%%
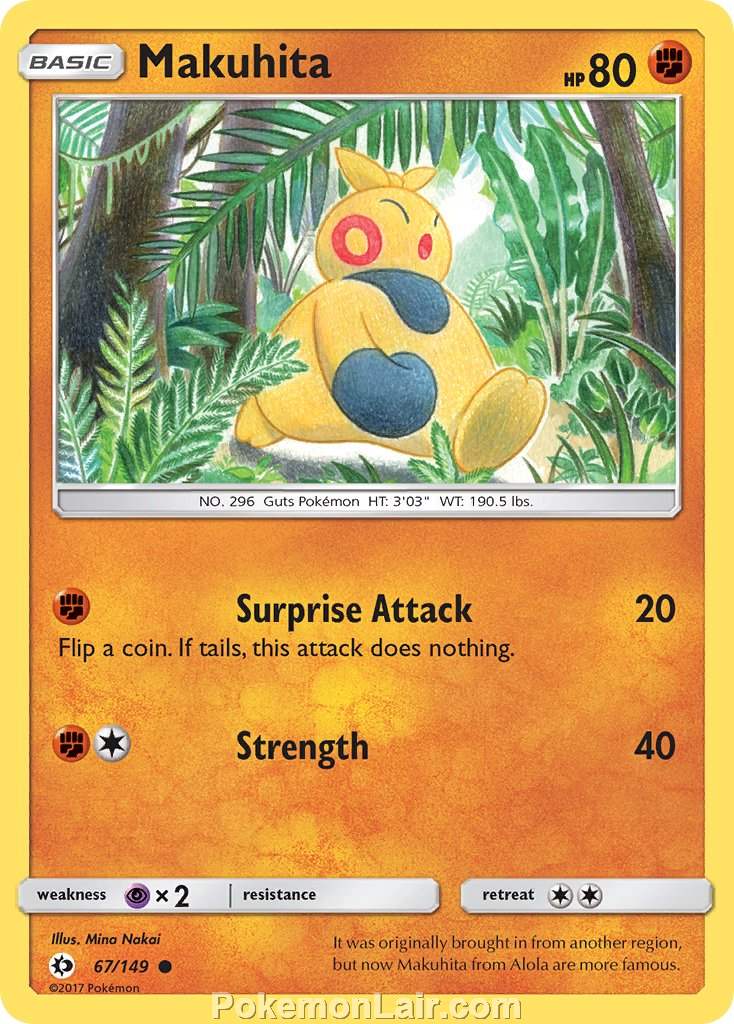 2017 Pokemon Trading Card Game Sun Moon Set – 67 Makuhita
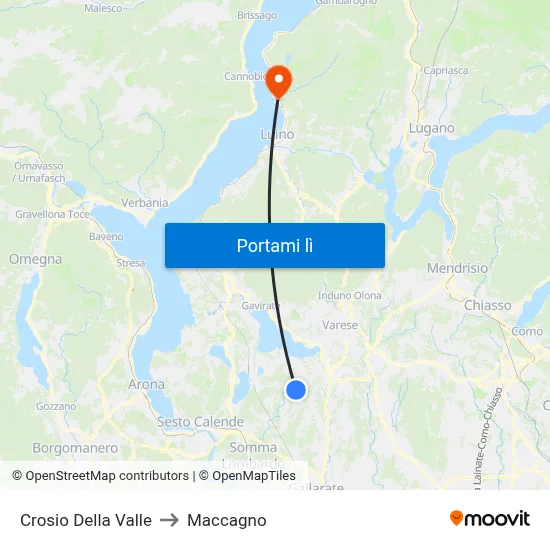 Crosio Della Valle to Maccagno map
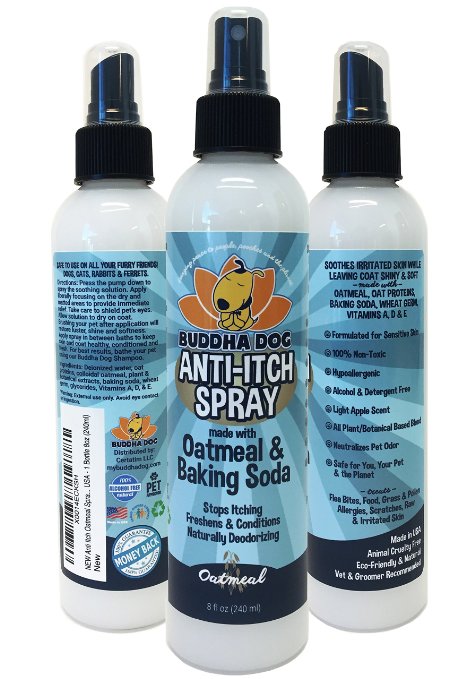 NEW Anti Itch Oatmeal Spray for Dogs and Cats | 100% All Natural Hypoallergenic Soothing Relief for Dry, Itchy, Bitten or Allergic Damaged Skin | Vet and Pet Approved Treatment - 1 Bottle 8oz (240ml)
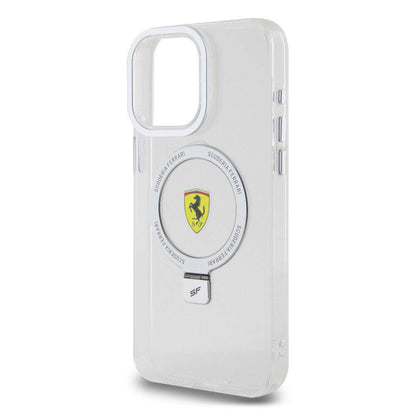 iPhone 15 Pro Max Kılıf Ferrari M-safe Şarj Özellikli Standlı Buzlu Yüzey Dizayn Kılıf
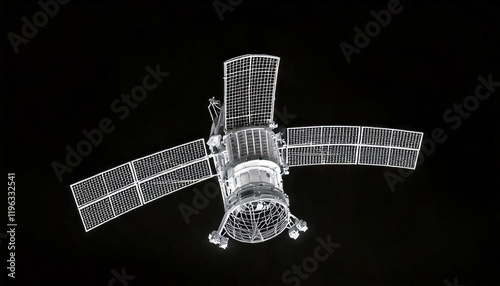  white neon light satellite, black background
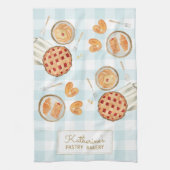 Gingham Pattern Watercolor Pastries Backbäckerei Geschirrtuch (Vertikal)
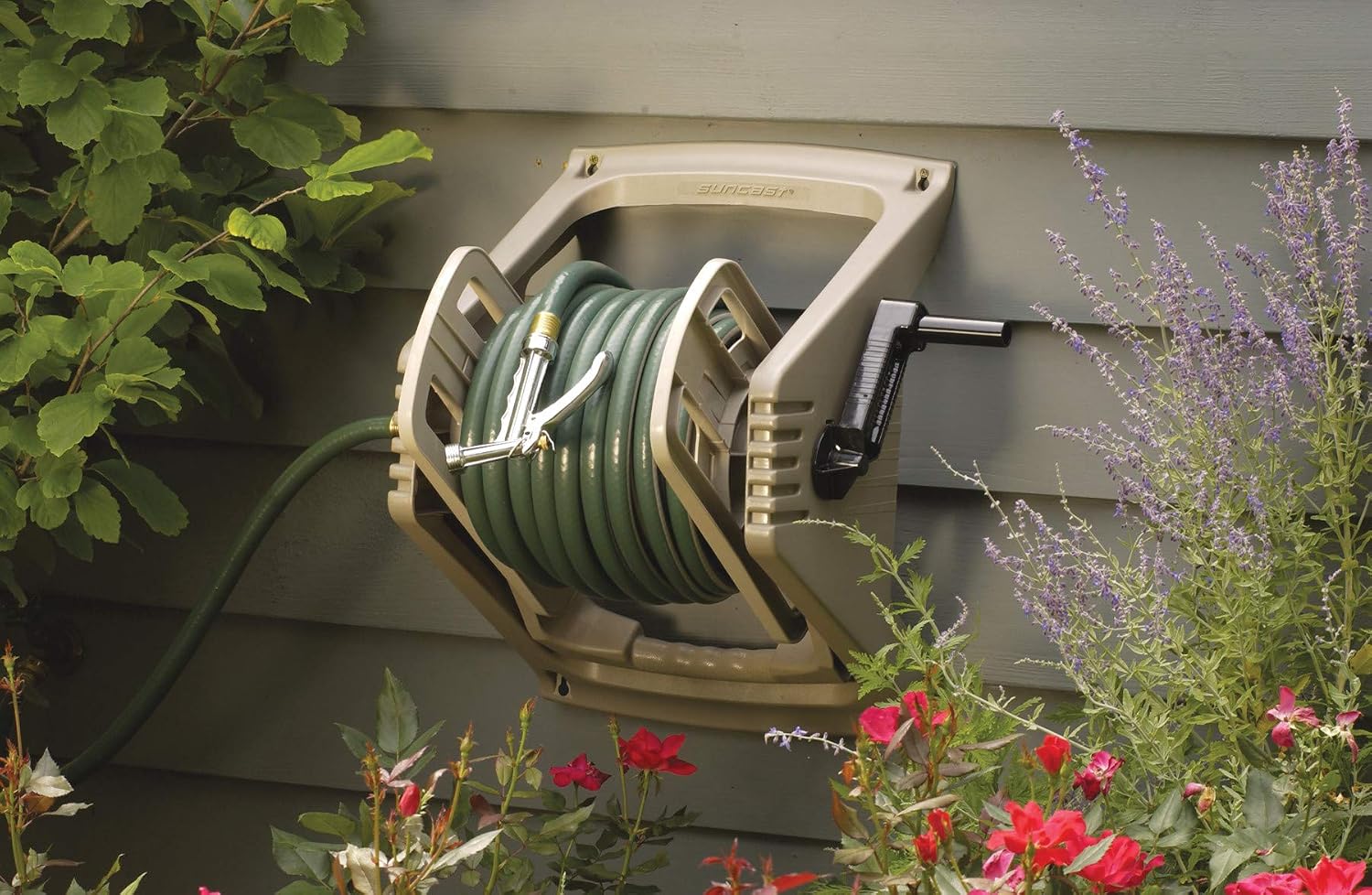 Suncast 100 ft. Portable Wall Mount Garden Hose Reel, Taupe
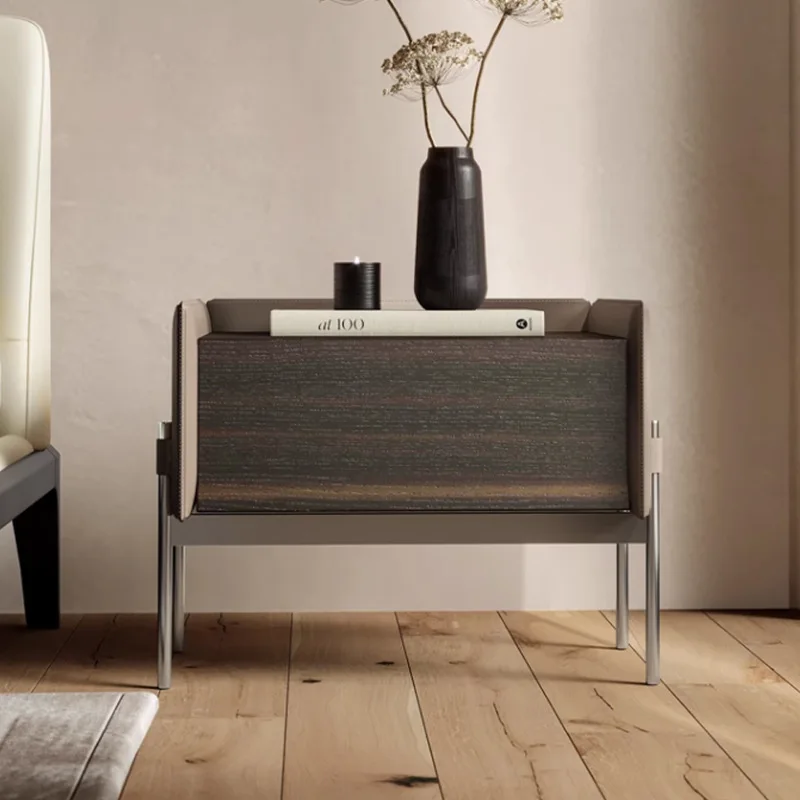 Italian minimalist solid wood bedside table, bedroom storage bedside table, high-end designer creative imported saddle leather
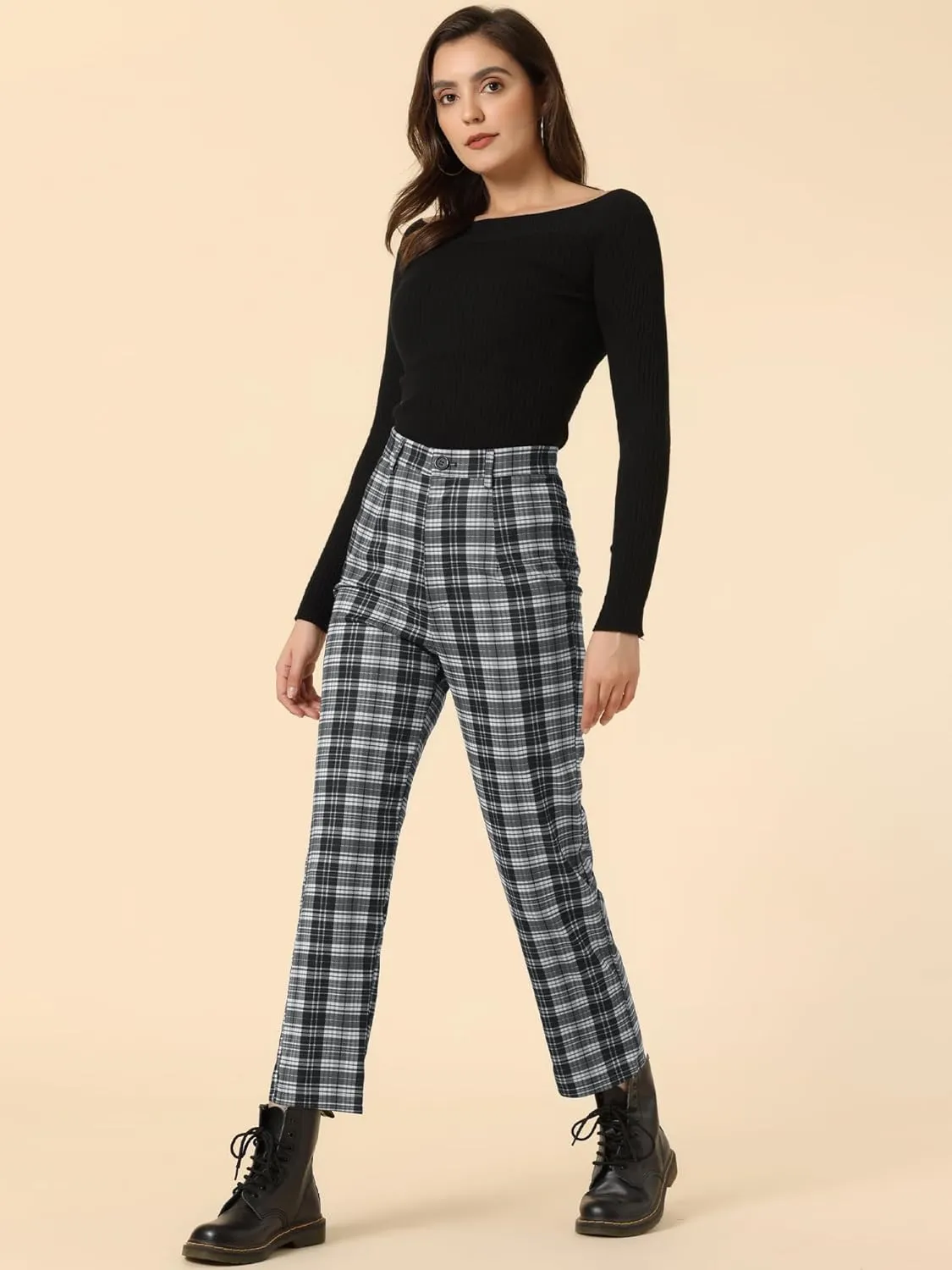 Allegra K Women's Plaid Cropped Trousers Button Casual Tartan Check Work Pants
%%
» **Directions for this task**:
Final task for the records above: print exactly the lines from the one that contains "iPhone 15 Pro" through the last line, both ends included, pictures excluded.

» **Solution to this problem**:
 iPhone 15 Pro Max Kılıf Ferrari M-safe Şarj Özellikli Standlı Buzlu Yüzey Dizayn Kılıf
  white neon light satellite, black background
 Gingham Pattern Watercolor Pastries Backbäckerei Geschirrtuch (Vertikal)
 Suncast 100 ft. Portable Wall Mount Garden Hose Reel, Taupe
 Italian minimalist solid wood bedside table, bedroom storage bedside table, high-end designer creative imported saddle leather
 Allegra K Women's Plaid Cropped Trousers Button Casual Tartan Check Work Pants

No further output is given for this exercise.